En Semana Santa no conviene olvidar las delicias gastronómicas, ni los caldos que las acompañan. De lo contrario es difícil mantenerse en pie, pues se camina mucho, se trasnocha demasiado y apenas se le da respiro al cuerpo y a las piernas. Hoy les recomiendo las aceitadas diminutas de una panadería de La Rúa: son deliciosas y tan adictivas como las pipas. Y un vino: Elías Mora, de Toro, que te deja los labios como si hubieras besado a un ángel hembra. Dicho esto, vamos con los desfiles.
Durante el Martes Santo vi dos procesiones, es decir, las que había, a saber: la del Vía Crucis y la de las Siete Palabras. Para la primera me ofrecieron gozar de una vista inmejorable y acepté la propuesta: situado en el balcón de un primer piso. Creo que nunca había contemplado un desfile de éstos por encima del nivel del suelo, si no me falla la memoria, que todo podría ser. Insistiremos en que las cosas se ven distintas según el ángulo en el que uno se sitúe y también según el paisaje que uno tenga alrededor. En plano picado los cofrades, las esculturas, las mesas, la banda de cornetas y tambores, el desfile en sí, se ven de otra manera. Incluso el bueno del barandales, visto desde arriba, no parece un dios con muñecas de acero sino un hombre paciente y con tiritas en los dedos que aguanta con estoicismo envidiable el tirón de las campanas y su soniquete anunciador. Desde lo alto, no diremos a vista de pájaro pero casi, al Nazareno y a la Virgen de la Esperanza se les nota que son chiquitos; pero su corta estatura no disminuye su majestad, desde luego que no. Por estar más próximo a las esculturas, uno se fija mejor en los detalles de las manos o en el acabado de los rostros, y por supuesto en la túnica y el manto que ambos llevan, respectivamente. Por encima de ellos, en los tejados, se recortaba el vuelo asustado de las palomas y la figura inmóvil de las cigüeñas. El cielo era claro, cristalino, y como tal dio paso a un crepúsculo sin nubes. Se debe anotar que un alto porcentaje de los espectadores merendó pipas.

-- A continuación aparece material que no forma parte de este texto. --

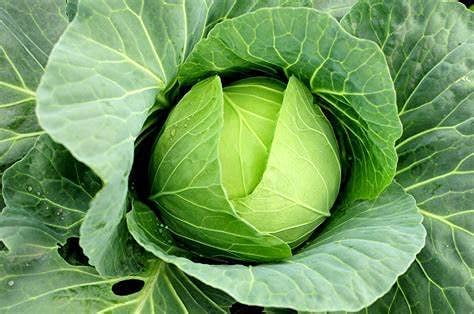 Cabbage- Copenhagen Market Seeds, 200, Heirloom, Non GMO Seed Tasty Healthy Veggie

Para mí hace años que se terminó eso de esperar dos o tres horas, en la calle, a que venga la procesión. Prefiero ir un poco a la aventura (debería entrecomillarlo), por ver si encuentro el desfile a mitad de recorrido, y colocarme en alguna esquina donde aguarde poca gente, justo un par de minutos antes de que lleguen a esa altura los primeros cofrades. Así lo hice en la del Cristo de la Buena Muerte y, es lo que iba a contarles, en la de las Siete Palabras, procesión que tenía por costumbre contemplar en los últimos tramos de su itinerario, en La Horta o en sus inmediaciones. Pero es que La Horta no está ahora para el trote, con tanta zanja y tanta valla. Así que subí a la Plaza de Claudio Moyano en el instante en que aparecían los hermanos de hábito. Por si aún queda alguien que no haya visto el acto de las Siete Palabras que allí se celebra, le doy un par de apuntes: los cofrades se van situando alrededor de la plaza, y al fondo esperan los portadores de los Cristos y de los estandartes con las últimas palabras y, mientras alguien comienza el rezo, los cargadores avanzan hacia aquellos, llevando a hombros a este Cristo de la Agonía. Conviene verlo: al Cristo lo trasladan en absoluto silencio y muy despacio, como si se deslizara por las piedras. Y el paisaje resulta inmejorable: el edificio de la Biblioteca Pública, el Parador, la Plaza de Claudio Moyano iluminada por el resplandor de la luna y de las velas, y Viriato a lo lejos, con su silueta pastoril y guerrera en sombras. Tenemos una ciudad de estética admirable pero lastrada por algunos desmanes, como los proyectos siempre aplazados y los horribles parques nuevos. Ciudad que, además, mejora abrigada de luna o de niebla.